## What this task involves
Starting at the line that contains "Willem Holleeder height profile photo", return every line through the end of the data exactly, without pictures.

***** Records supplied *****

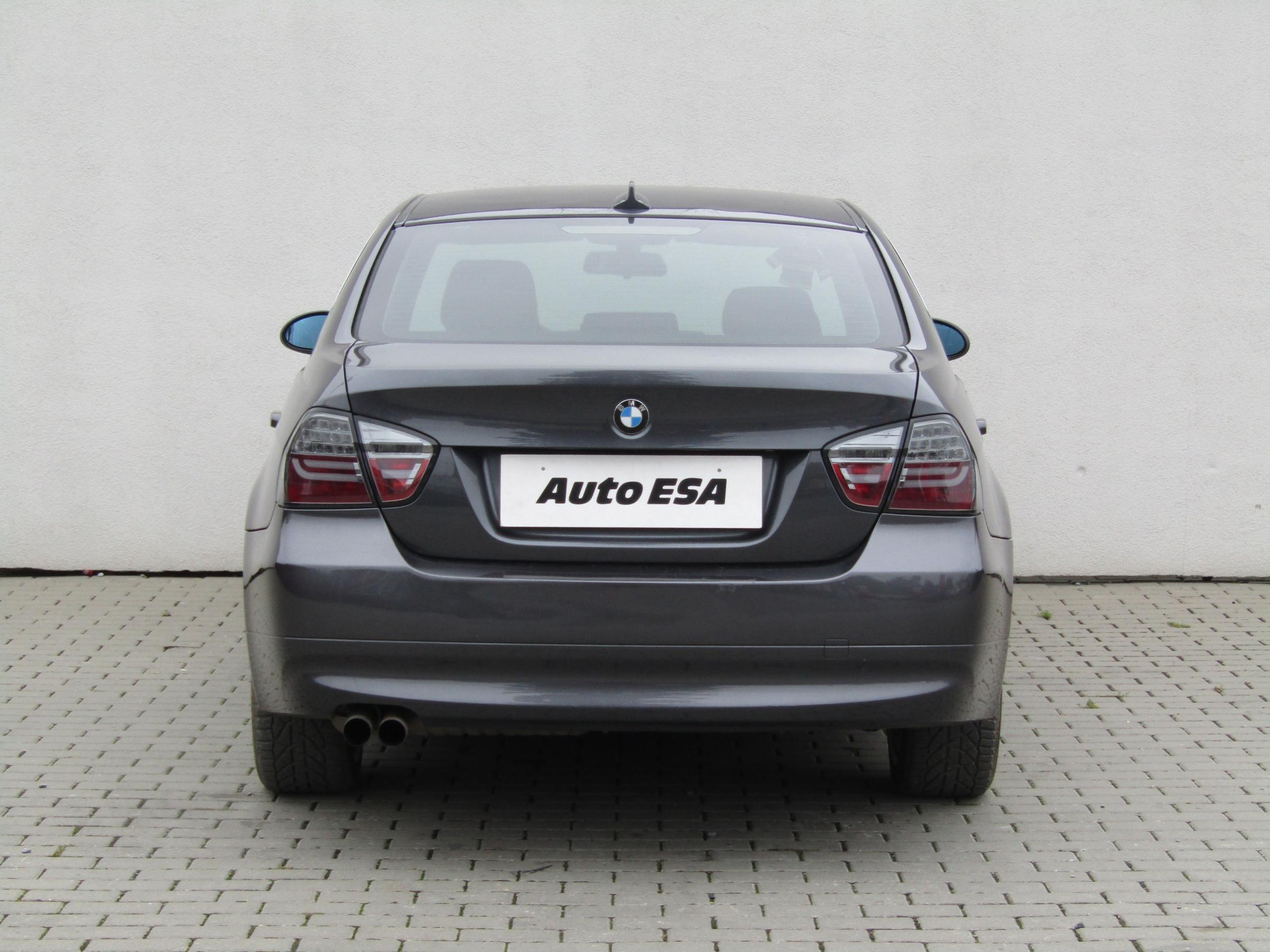 BMW Řada 3, 2007 - pohled č. 5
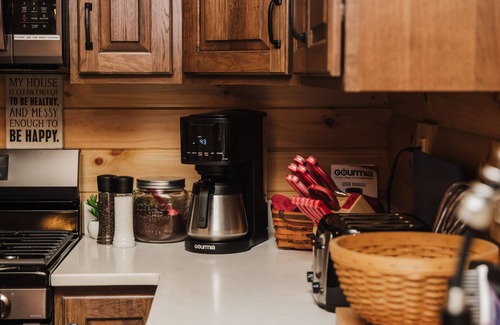 Nelsonville Cabina | Hidden Gem- Log Cabin on 56 acres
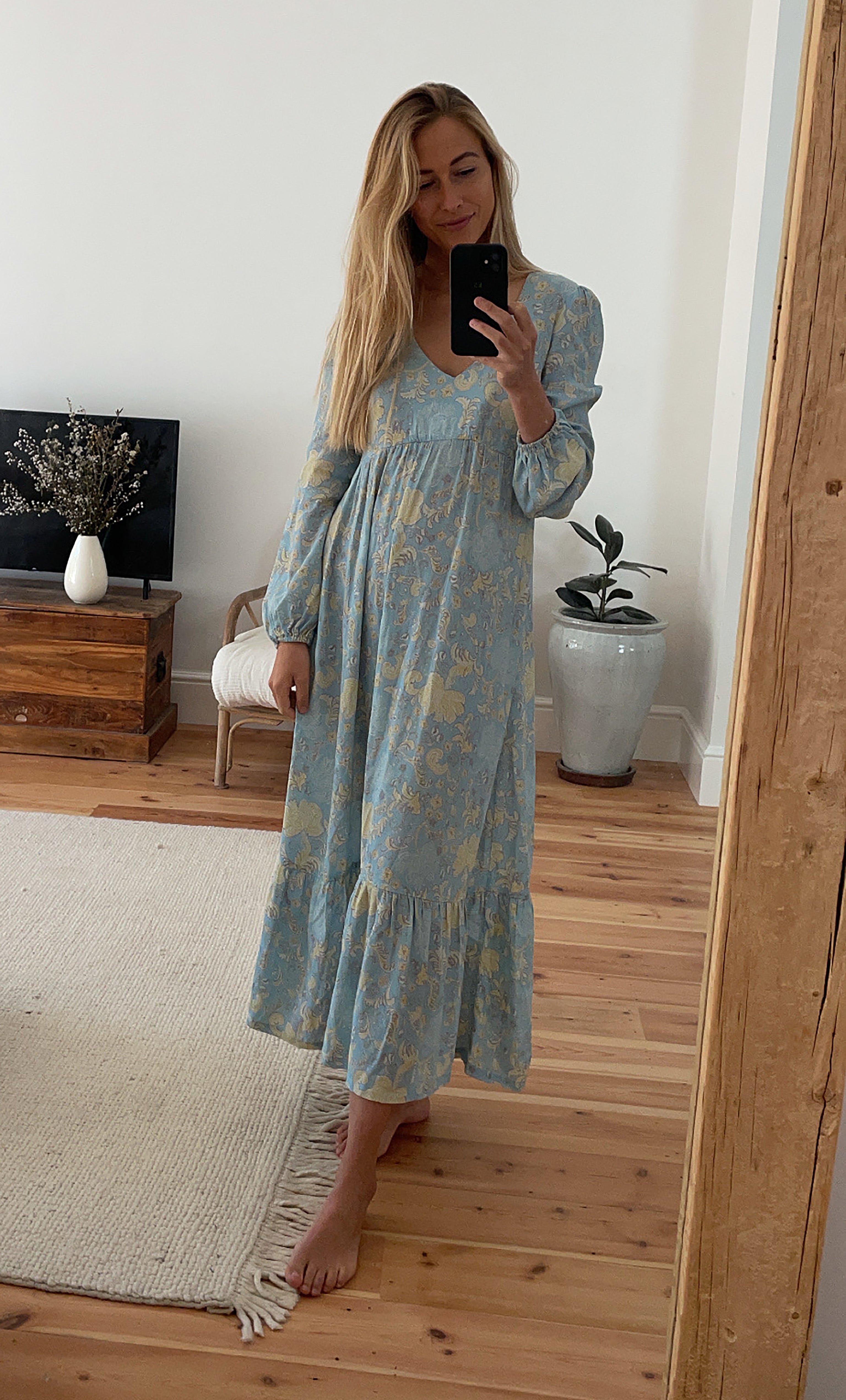 The Tunik Lola maxi dress - Mystic Floral Aquamarine print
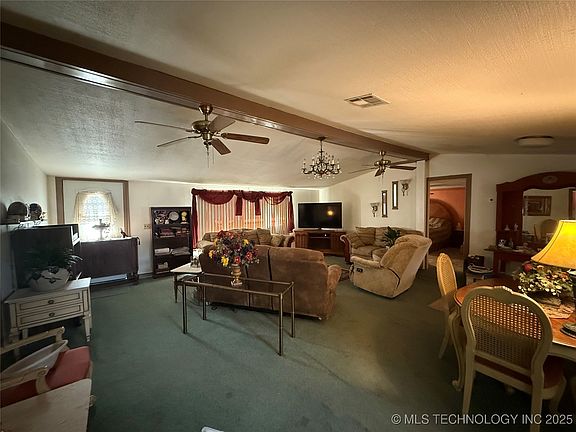 4th image of 61 Berry St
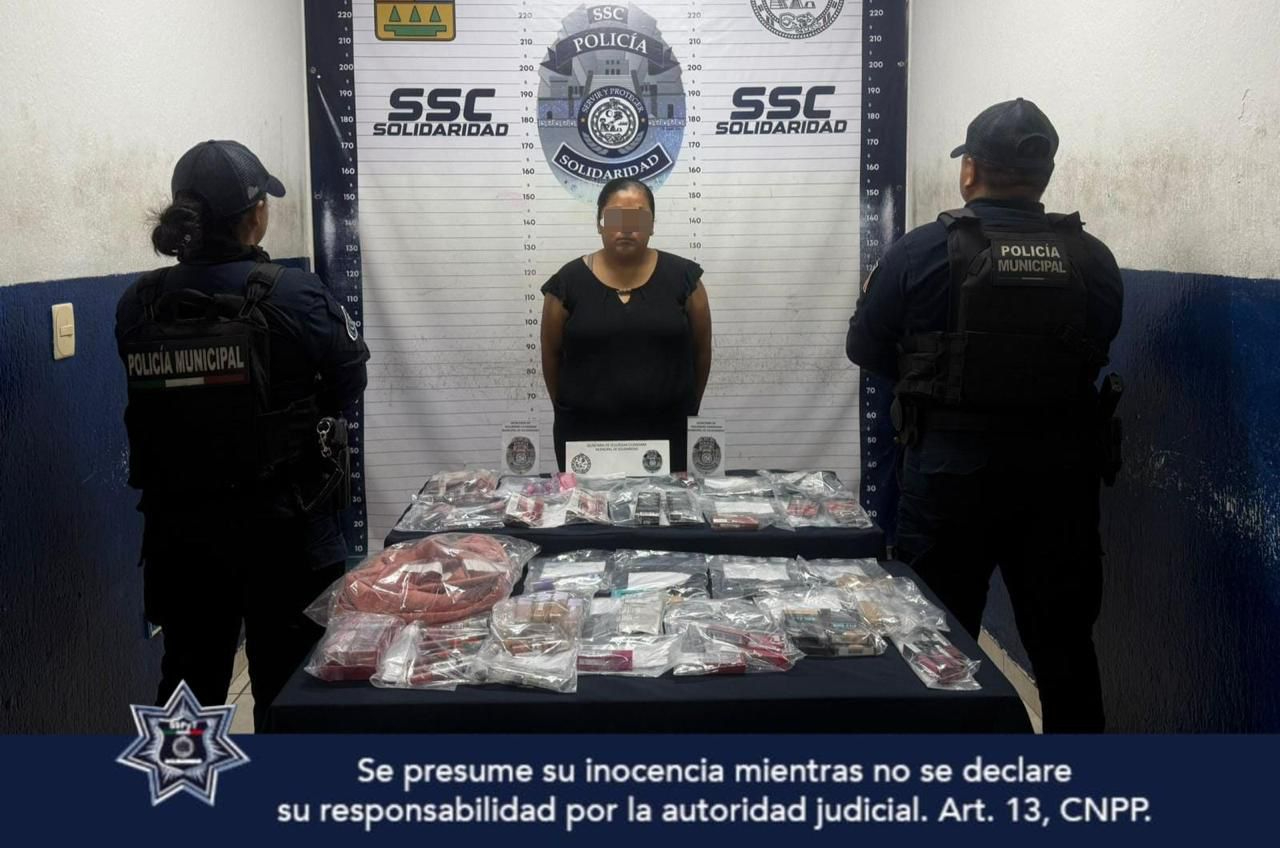 Tabasqueña es sorprendida robando más de 100 artículos y es detenida en Playa del Carmen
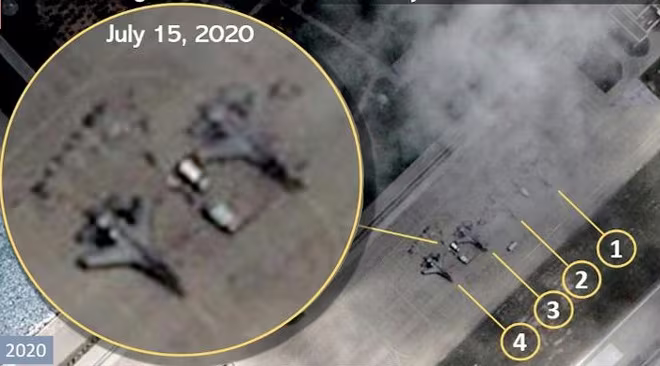 4 tiêm kích có thể là J-11 của Trung Quốc triển khai trái phép trên đảo Phú Lâm thuộc quần đảo Hoàng Sa của Việt Nam. Ảnh: CNES.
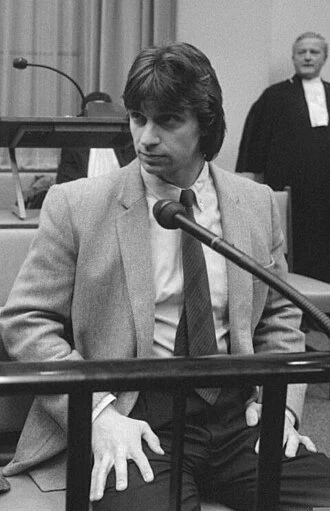 Willem Holleeder height profile photo
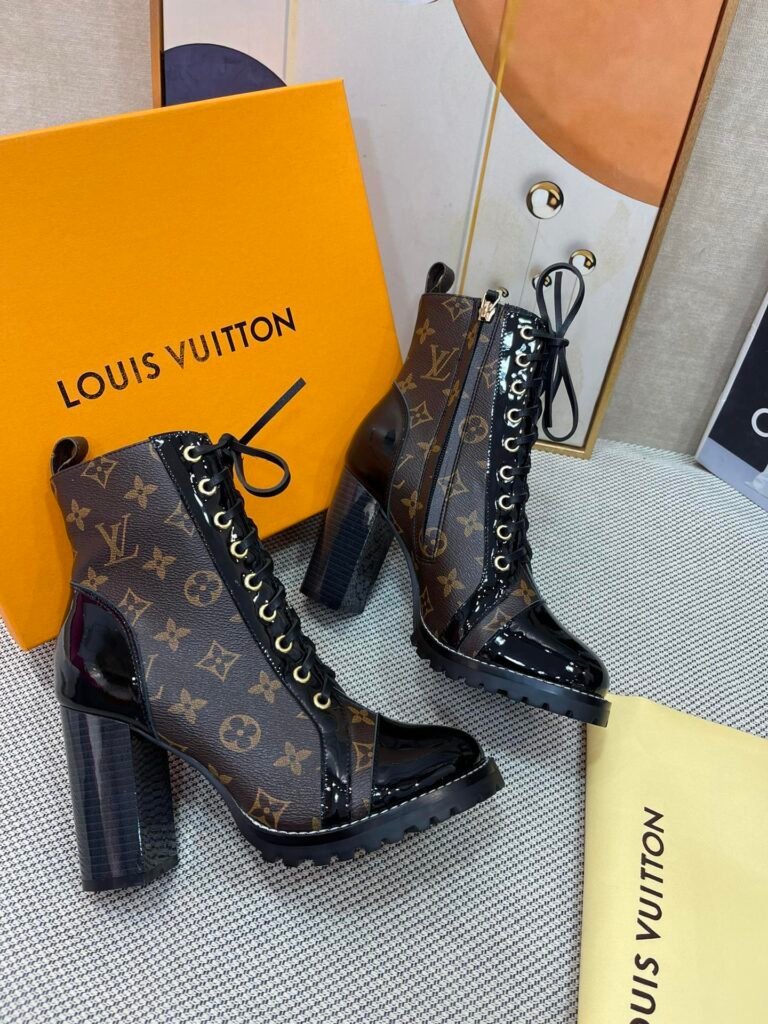 Louis Vuitton Unisex Boots detail image 3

*****

## Answer for this exercise
 Willem Holleeder height profile photo
 Louis Vuitton Unisex Boots detail image 3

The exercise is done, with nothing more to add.